The U.S. economy leans heavily on the health of the retail sector, meaning how much people spend can go a long way to determine how the nation rebounds from the recession. Retailers are certainly doing their part to aid the recovery — and their own sales numbers — by providing their own “customer stimulus packages” to consumers.

Big-box, national retail chains such as Sam’s Club, Target, Staples, Office Depot and Toys “R” Us are among the stores making pricing adjustments and adding business features to attract more customers.

Sam’s Club Boosts Small Businesses

Sam’s Club is introducing a loan program that offers small businesses loans of up to $25,000. The loans, which will come through Superior Financial Group, are available to all Sam’s Club members and range in size from $5,000 to $25,000.

Small businesses often shop at Sam’s Club because it offers food and other products in bulk quantities that can supply an entire office. Sam’s Club is hoping its loans help small businesses gain some financial traction so they start spending more money. A small business that takes a loan from the store will receive a $100 discount on fees and 0.25% off normal interest rates.

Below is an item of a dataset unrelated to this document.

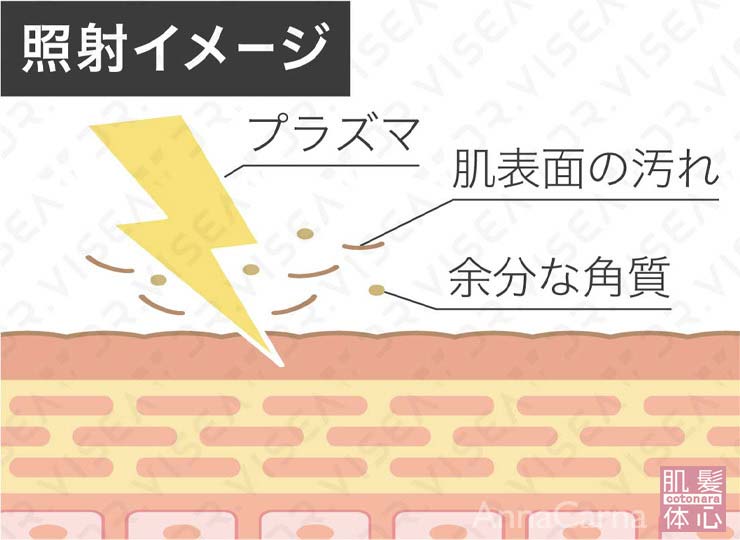 照射イメージ　プラズマ　肌表面の汚れ　余分な角質｜≪高濃度ヒト幹細胞培養液/iPSフェイシャル専門エステサロン≫ iPS BioCellCare AnnaCarna アンナカルナ【シミケア専科 プラズマ O:Celloオセロ 東京店 併設】肌質改善☆年齢肌☆小顔矯正☆シミ取り専門☆プラズマシミ取り放題◆プラズマシャワー・プラズマミスト・プラズマニードル◆芸能人ご用達コスメ「リアボーテ化粧品」正規販売店・クレアスキン・グランスキン・シェリースキン・エキスパートローション・リアムール・健美草◆購入方法・口コミ・効果・使い方・ビフォーアフター・動画・写真・通販・ネット販売対象外商品｜港区 南青山 銀座線 外苑前駅・青山一丁目駅◆個室完備・医療提携サロン・メディカルエステ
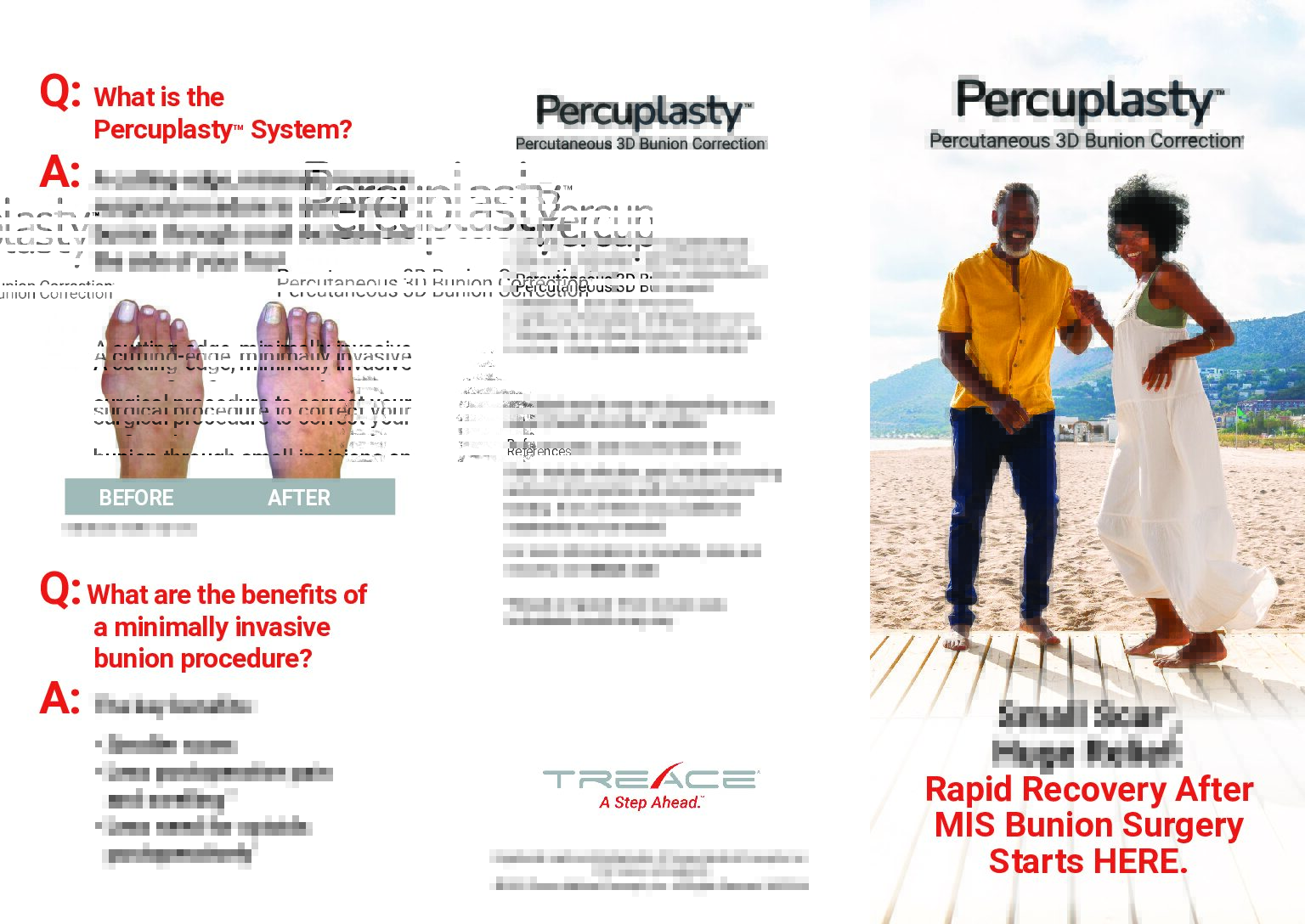 Percuplasty™ Patient Brochure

Costco, a store similar to Sam’s Club, has tried three times to offer small business loans, according to None of the attempts worked as well as Costco helped.

Stores Sweeten Deals for Consumers

Target is offering its most loyal shoppers a discount by cutting costs for its credit card holders by 5%. Toys “R” Us is planning a special holiday sale, while competitors Staples and Office Depot are giving away some products for free.

The main goal of these retailers’ plans is to get people in the door. Staples and Office Depot are banking on the fact that once a shopper enters the store to take advantage of free merchandise, they will make additional purchases.

Why American Shoppers Need a Stimulus

The U.S. economy isn’t in absolute crisis mode like it was approximately one year ago, but the recovery from the recession has been longer and more drawn out than many expected it to be.

Unemployment dropped to 9.5% from 9.7% at last check, but only because many jobless Americans gave up looking for employment. To add insult to injury, Congress delayed a final vote on extending unemployment benefits for Americans.